Perhaps more important is that along with discussing the major proposals and their merits, a few people are asking the meta-questions where are we going with all of this, and whose choice is it to make anyways?
We feature two prominent blogs on this topic on the front page today, starting with Stephen Colebourne, co-author of the "First Class Methods" (FCM) closure proposal, who has posted a blog Evaluating BGGA closures . He notes his obvious bias and starts off asking a pair of bigger questions. "The closures debate is really a touchstone for two other, much broader, debates. The first "what is the vision for Java". There has been no single guiding vision for Java through its life, unlike other languages." He contrasts this with the effective "ownership" of other languages by individuals, like C# (Anders Hejlsberg), Perl (Larry Wall), Python (Guido van Rossum), C++ (Bjarne Stroustrup), and Ruby (Yukihiro Matsumoto).
The impact of this lack of guiding vision is a sense that Java could be changed in any way. We really need some rules and a guiding Java architect.
The second touchstone debate is "can any language changes now be successfully implemented in Java". This is generally a reference to generics, where erasure and wildcards have often produced havoc.
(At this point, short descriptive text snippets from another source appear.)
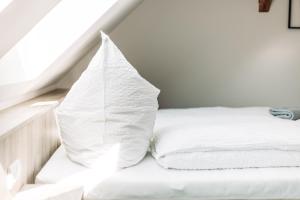 a white bed with a pillow on top of it at Heberer Hof in Schneverdingen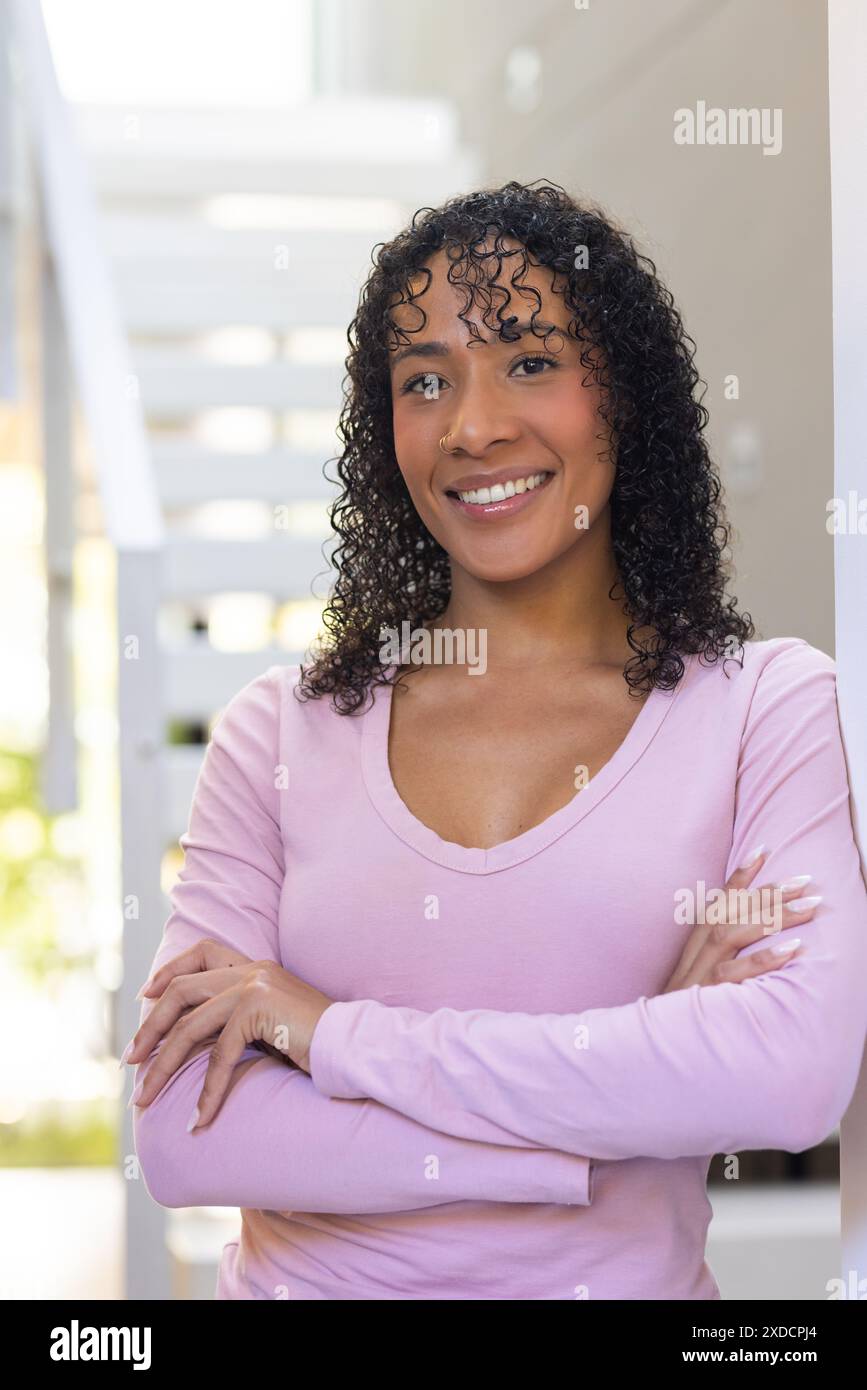 Lächelnde Frau mit lockigem Haar, die zu Hause mit gekreuzten Armen steht und selbstbewusst aussieht Stockfoto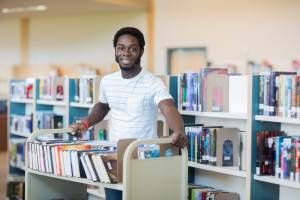 Portrait of young male librarian with trolley of books in library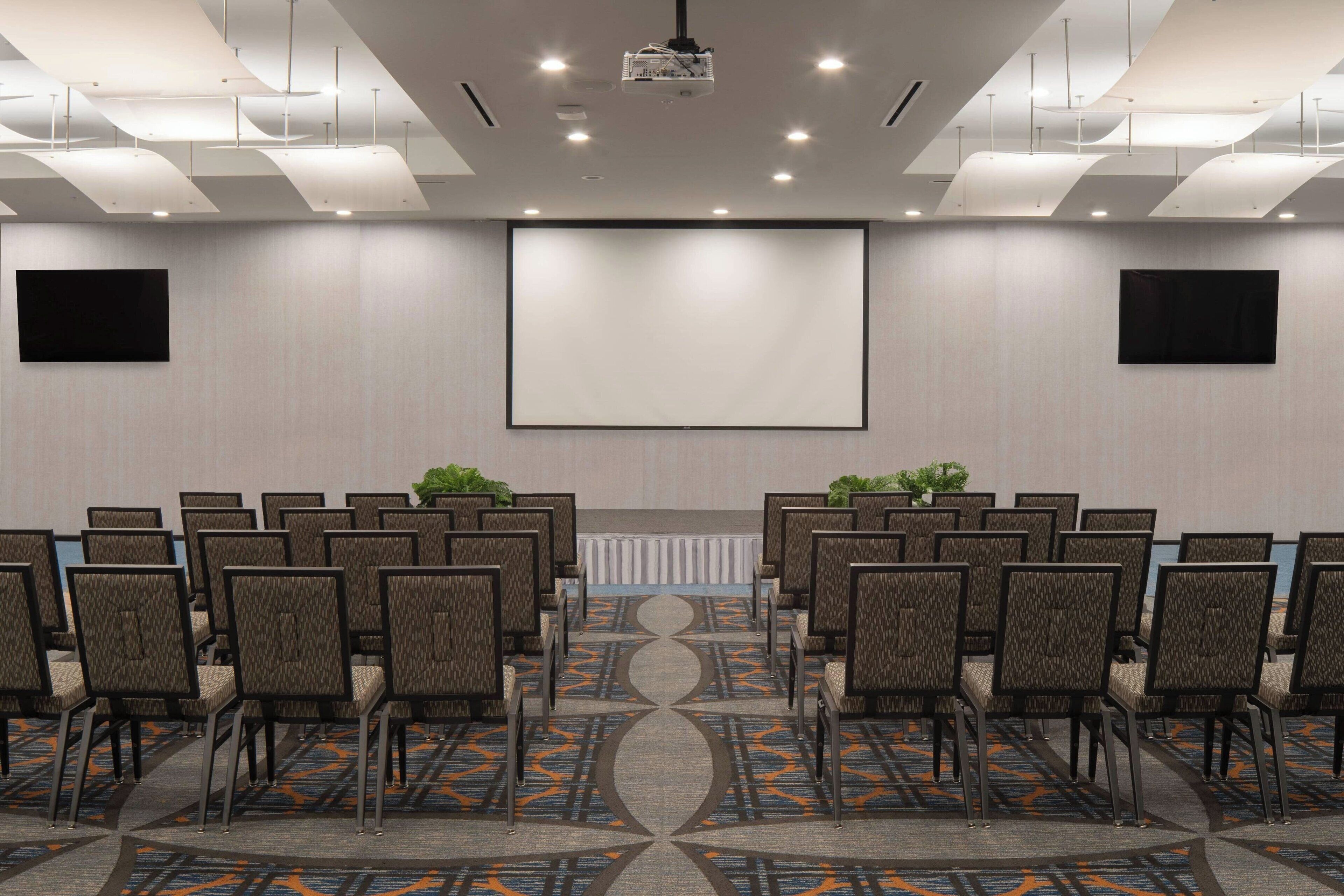 A conference room with rows of chairs, a large screen, and a projector.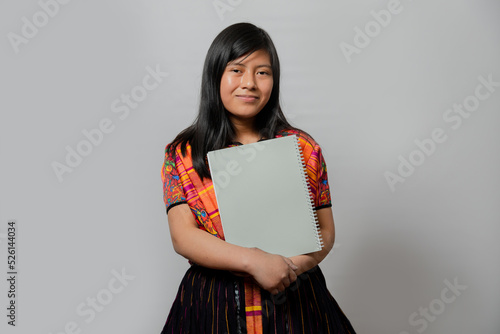 Hispanic young woman with notebook - Mayan teenager ready to go to study - Latina student on white background photo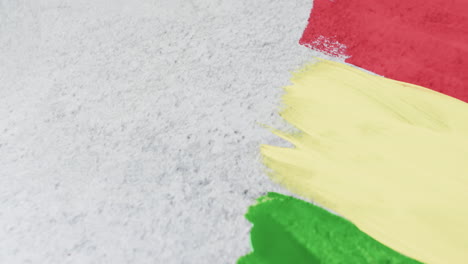 Video-of-red,-yellow-and-green-paint-smudges-with-copy-space-on-grey-background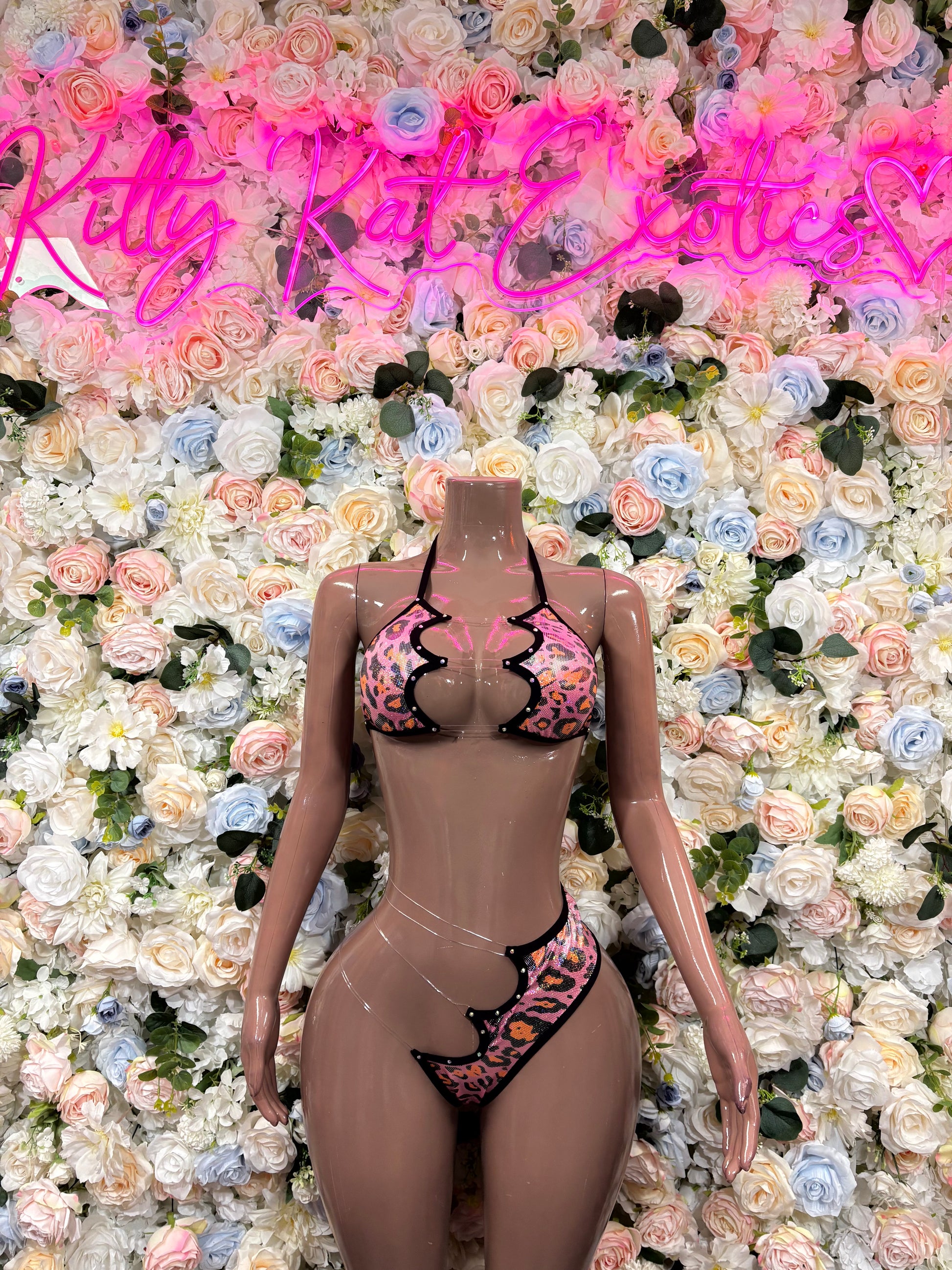 Pink leopard-print lingerie set with black trim, front view, tie-string accents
In the votes at Javapolis , 'improving generics' got the highest vote by far.
The result of implementing generics with erasure and wildcards has been a loss of confidence in Java language change. Many now oppose any and all change, however simple and isolated. This is unfortunate, and we must ensure that the next batch of language changes work without issues.
Despite this broader debates that surround closures, we must focus on the merits of the individual proposals.
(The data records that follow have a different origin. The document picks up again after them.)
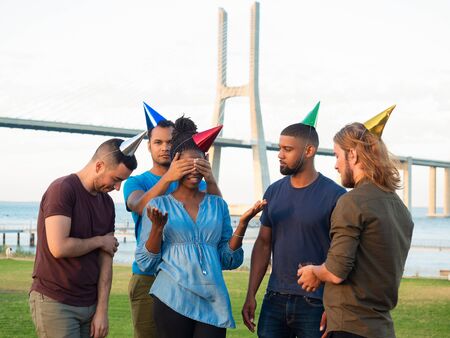 Smiling friends congratulating young woman with birthday. Cheerful young people giving muffin with sparkler. Concept of birthday partyの写真素材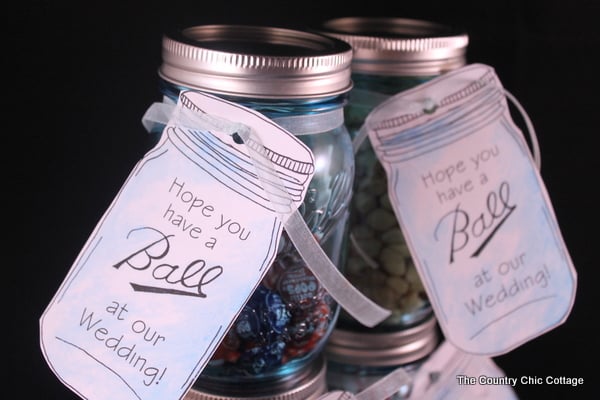 two mason jars with wedding tags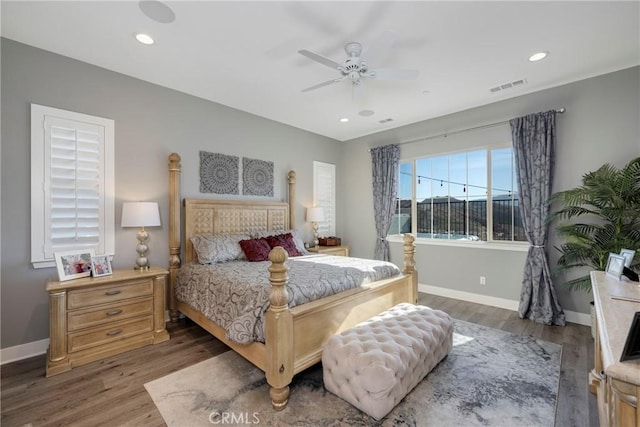 bedroom featuring ceiling fan and dark hardwood / wood-style floors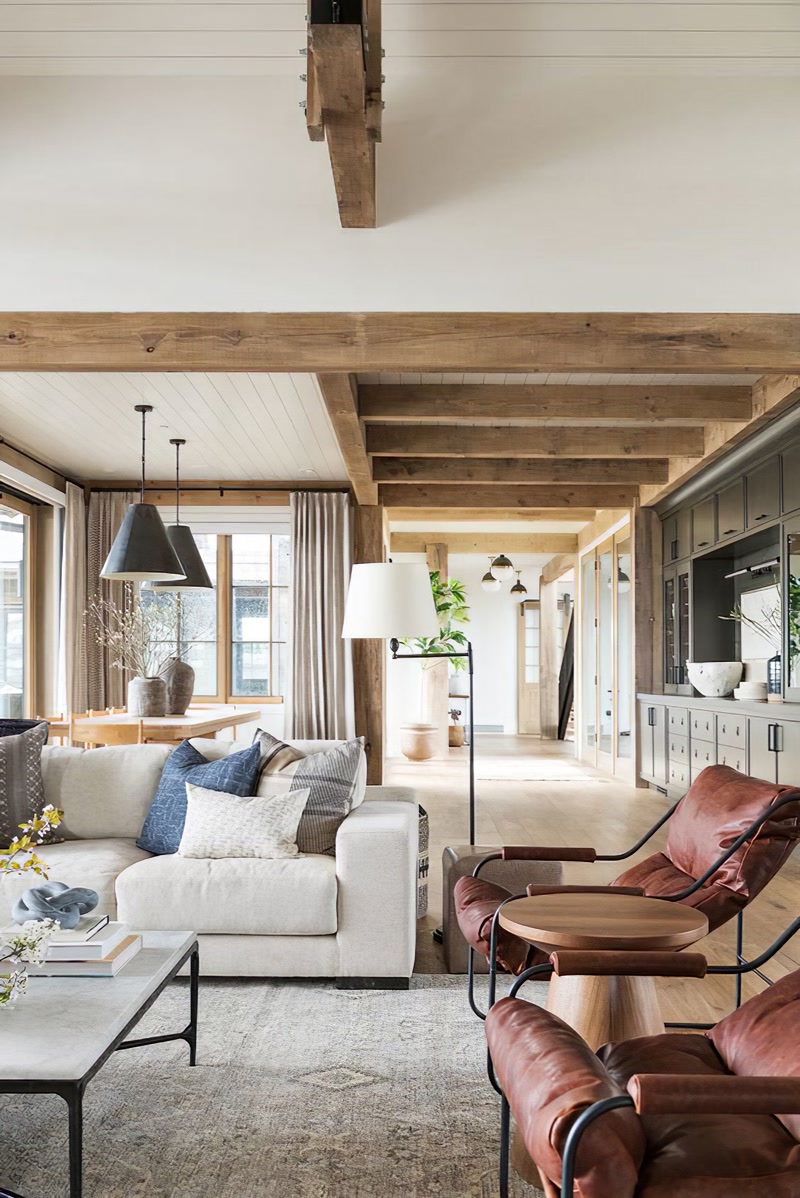 Montaj Grinzi si Capriori din Poliuretan Stil Rustic Grinzile decorative din poliuretan reprezintă soluții structurale aparente destinate finisării plafoanelor în proiectele rezidențiale de tip vilă. În acest proiect de amenajare interioară, s-a utilizat un sistem complex format din profilele din poliuretan P1981E, P1981F și P1981K, recunoscute pentru imitarea fidelă a texturii de lemn masiv cioplit. Spre deosebire de grinziile naturale din lemn care pot adăuga o încărcare structurală de peste 50 kg pe metru liniar, profilele din spumă poliuretanică de înaltă densitate (150-220 kg/m³ (țintă ~160 kg/m³)) oferă o alternativă ușoară și stabilă dimensional. Această proprietate elimină necesitatea ranforsării suplimentare a structurii de rezistență a plăcii din beton sau a tavanului din gips-carton.

Fixarea profilelor decorative pe tavan și pe stâlpii de susținere se realiză prin lipire structurală cu adeziv poliuretanic monocomponent și fixare mecanică secundară. La îmbinările dintre grinzi (P1981E) și căpriori (P1981F), montatorii aplică adeziv de îmbinare special pe bază de poliuretan pentru a preveni apariția fisurilor în timp. Toleranța de dilatare termică a materialului este extrem de redusă la temperaturi cuprinse între -100 °C / +80 °C, asigurând stabilitatea îmbinărilor pe termen lung. Pentru realizarea stâlpilor verticali (P1981K), profilele în formă de U sunt îmbrăcate peste nucleul structural sau ghidaje metalice, mascând eficient cablurile electrice sau țevile de instalații.

Un avantaj tehnic major al elementelor din poliuretan este rata de absorbție a apei de sub 1%, ceea ce le face imune la deformările cauzate de variațiile de umiditate din încăpere. Lemnul masiv tinde să crăpe sau să se torsioneze în timp, însă profilele din poliuretan își mențin geometria intactă indiferent de anotimp. Textura de suprafață este pre-grunduită din fabrică, permițând aplicarea facilă a vopselelor pe bază de apă, acrilice sau baițurilor speciale pentru obținerea nuanțelor dorite de stejar rustic, nuc sau patina învechită. În plus, șlefuirea fină cu hârtie abrazivă de granulație 220 înainte de vopsire asigură o aderență optimă a stratului final.

Utilizarea grinzilor din poliuretan P1981E, P1981F și P1981K eficientizează considerabil timpul de execuție pe șantier, reducând manopera cu până la 60% comparativ cu prelucrarea și instalarea lemnului masiv. Montajul nu necesită scule grele sau utilaje de ridicat, fiind realizat rapid de o echipă formată din doi meșteri. Această soluție este ideală pentru firmele de construcții și amenajări interioare care doresc să ofere clienților un finisaj rustic impecabil, durabil și fără riscuri de crapare în timp.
Stephen links to a similarly-concerned blog by Ted Neward, who wonders Who herds the cats?
Unfortunately, the two most recognized "benevolent dictators" of the Java language, Neal Gafter and Joshua Bloch, are on opposing sides of the aisle on this. Each has put forth a competing proposal for how the Java language should evolve. Each has his good reasons for how he wants to implement closures in Java. Each has his impressive list of names supporting him. It's Clinton and Obama, Java Edition. The fact is, though, that when these two disagreed on how to move forward, lots of Java developers found themselves in the uncomfortable position faced by the children when the parents fight: do you take sides? Do you try to make peace between them? Or do you just go hide your head under a pillow until the yelling stops?
This is the real danger facing Java right now: there is no one with enough moral capital and credibility in the Java space to make this call. We can take polls and votes and strawman proposals until the cows come home, but language design by committee has generally not worked well in the past. If someone without that authority ends up making the decision, it will alienate half the Java community regardless of which way the decision goes. The split is too even to expect one to come out as the obvious front-runner. And expecting a JSR committee process to somehow resolve the differences between these four proposals into a single direction forward is asking a lot.
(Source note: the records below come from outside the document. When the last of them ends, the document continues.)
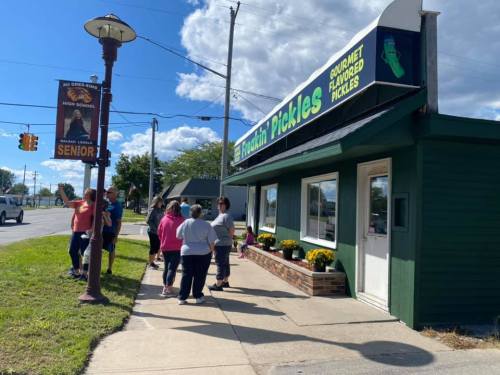 A group of people stands outside a green building with a sign reading "Ticklin' Pickles," a gourmet pickle shop.
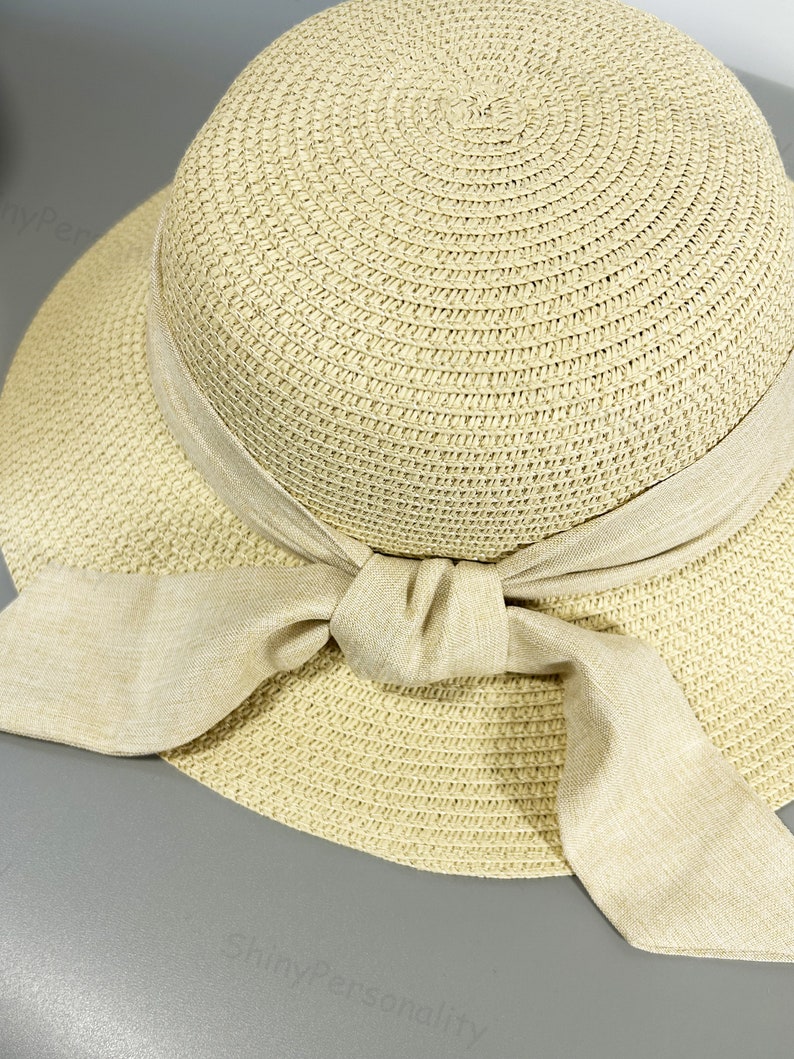 May include: A beige straw sun hat with a wide brim and a large bow made of the same material.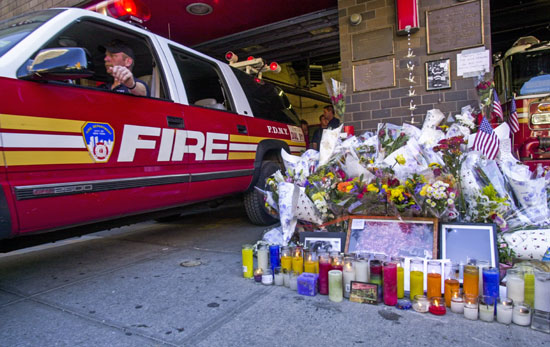 نصب تذكاري للزهور والشموع والعلم الأمريكي شوهد خارج محطة إطفاء في نيويورك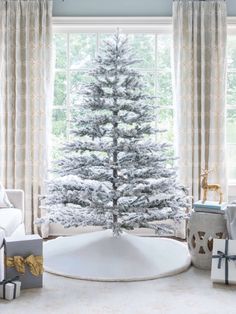 a white christmas tree sitting in front of a window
So what do you think? Does Java need a "benevolent dictator"? Has design-by-committee led to a fear of change? Will we have neither closures in Java 7, nor something as seemingly simple as switch-on-String? And if Java does need someone to make the call, who is it, and do they have the clout to make a decision stick?
Also in Java Today , a NetBeans wiki page offers a complete, step-by-step introduction to creating Mozilla application addons with NetBeans. "You can easily setup NetBeans to create Firefox Addons for the following: Mozilla Firefox, Mozilla Thunderbird, Mozilla Suite 1.x, Netscape, SeaMonkey, Flock, Sunbird , and Nvu. This can be achieved using the foxbeans module for NetBeans available at the NetBeans Plugin Portal website."